Organized crime on Xìngyùn is fairly well developed: not only do the Triads run gambling dens and whorehouses, but they embezzle factory time from the Company, providing goods for Xìngyùn’s under-served domestic markets. The Triads would love to smuggle goods from off-world, but find it hard to compete with legitimate stacks of gold.
Local Flora and Fauna
Xìngyùn’s life is made of the same molecules as Earth’s, but the amino acids and sugars are of the opposite chirality. That is, the molecules are arranged in a mirrored fashion from Earth’s, and are therefore unusable by Earth biology (and vice versa). Were the local amino acids the same chirality, 95% of them would be the same as Earth’s.
Xìngyùn’s flora are wide and varied, but are distinguished by two features. The first is Black Chlorophyll: it’s not really chlorophyll, but it serves the same purpose with a different color to capture the red-and-infrared sunlight.

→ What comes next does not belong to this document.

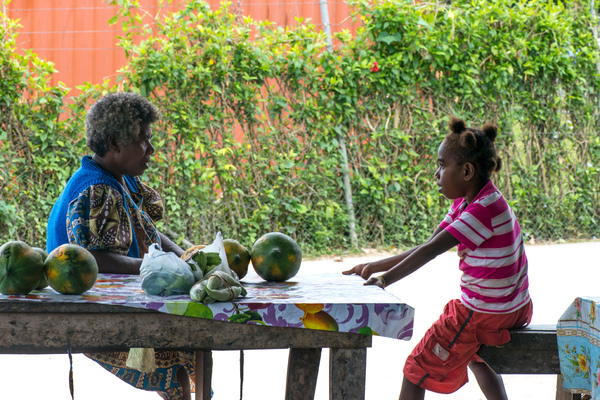 Grandmother and granddaughter confer at Santo Market.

The second is the ability to survive a flare. Burning a native plant down will usually not kill it; most will regrow from their roots. Those that don’t will generally grow large between flares and spread their seeds during a flare.
Xìngyùn’s fauna is similarly adapted to their environment. The larger animals are shelled, or burrowing, or both. Exoskeleton-wearing insect-like creatures are ubiquitous, and vexatious to humans. For example, the local versions of mosquitos drink human blood, even though it will eventually kill through malnutrition. Humans are still tasty to the bug.
On the bright side, Xìngyùnese are essentially immune to the local microscopic creatures. Again, they’re not smart enough to avoid humans, but starve trying to infect them.